Wednesday, February 6, 2013





How do doctors weigh the risks and benefits of diagnostic tests? Sometimes it's harder than you might think. 

Take CT scans, which deliver known doses of radiation to patients. Add kids, for whom radiation risks are higher -- in part because of their smaller developing bodies and because there's more time ahead to see effects of radiation. Now consider a CT scan for a child with severe and chronic sinusitis. A kid who has come to a specialist after having tried other diagnostics and treatments for their condition. A CT scan has the potential to reveal definitively -- more than any other test -- what's going on. 

I wrote about the risk data and the benefits in practice of using CT scans in kids for ENT Today.

The doses are small, but they do add up. As one ENT doctor told me: “I don’t think much about one CT scan. But I do think about two CT scans.”

Photo credit: thesmokingsection on Flickr

Thursday, January 31, 2013

River dams: good for generating electricity but bad for fish. In the Northeast US, many ocean fish species swim into rivers and upstream into small tributaries to spawn -- and complete their life cycle. Dams are a major barrier to these migratory fish and so people have come up with a variety of ways to help get fish around the dams -- from trapping and trucking to structures called fish ladders and elevators. 

For ScienceNOW, I wrote about a new report that looked at the numbers of fish using fish passages on three major river systems: the Merrimack, the Connecticut, and the Susquehanna.  Although stated targets at these dams call for hundreds of thousands of fish to pass through, the actual numbers were in the hundreds, the tens, and in the case of river herring on the Susquehanna, single digits. 

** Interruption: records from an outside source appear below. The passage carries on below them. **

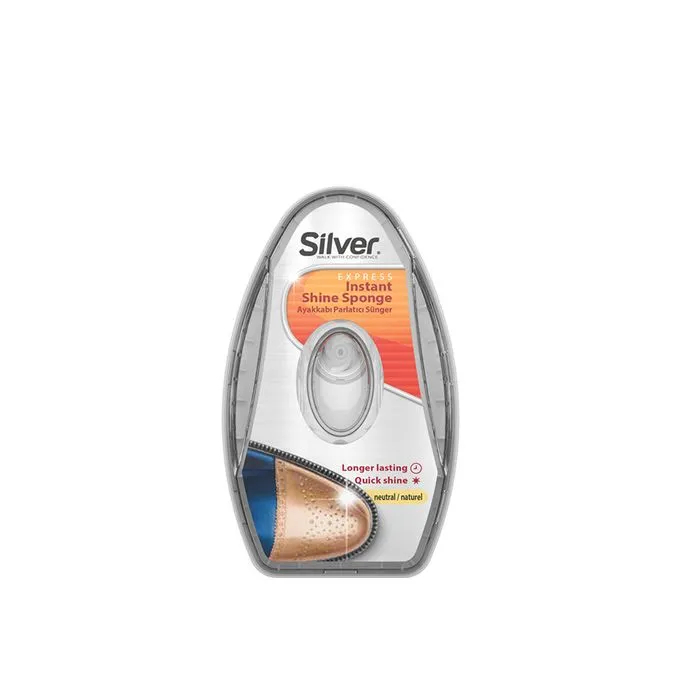 سيلفر خزان 6ملى شفاف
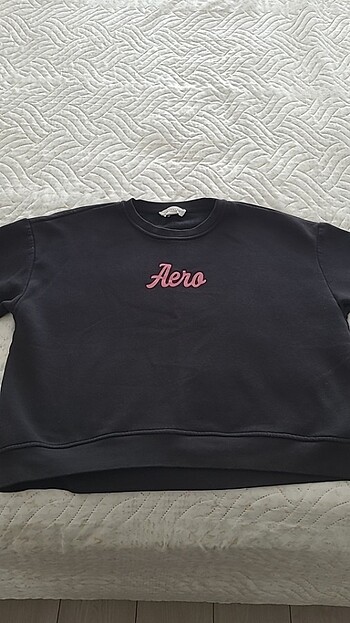 Aeropostale Kadın Sweatshirt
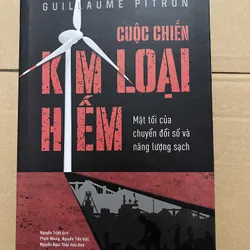 Cuộc Chiến Kim Loại Hiếm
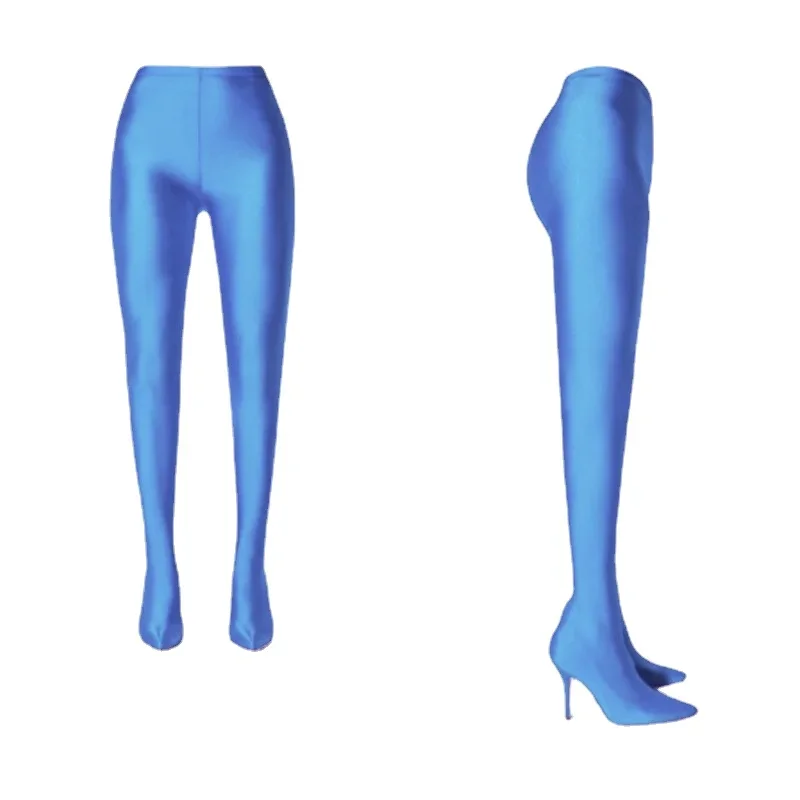 ชุดจั๊มสูทผ้าซาตินยืดหยุ่นพร้อ - Winter Cloth บทวิจารณ์และราคา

The report's authors make their case for dam removal, saying that other dams -- farther upstream or on less ecologically important waterways -- could make up the power loss. Further they point to Maine, where such radical action has been taken on the Penobscot River. 
photo credit: Wildcat Dunny on flickr

Tuesday, January 29, 2013

Household mold is certainly an unsightly nuisance, but how bad is it for your health? I looked into the question for the Washington Post. Experts say allergic responses are most common. Toxic mold, on the other hand, is more myth than truth -- at least in terms of inhaling invisible spores and becoming severely ill.

The issue is relevant to those states that suffered Superstorm Sandy's exceptional storm surge, which resulted in many flooded homes. I share some revealing reports from the CDC after Hurricane Katrina and from the Institute of Medicine about the health effects of damp places.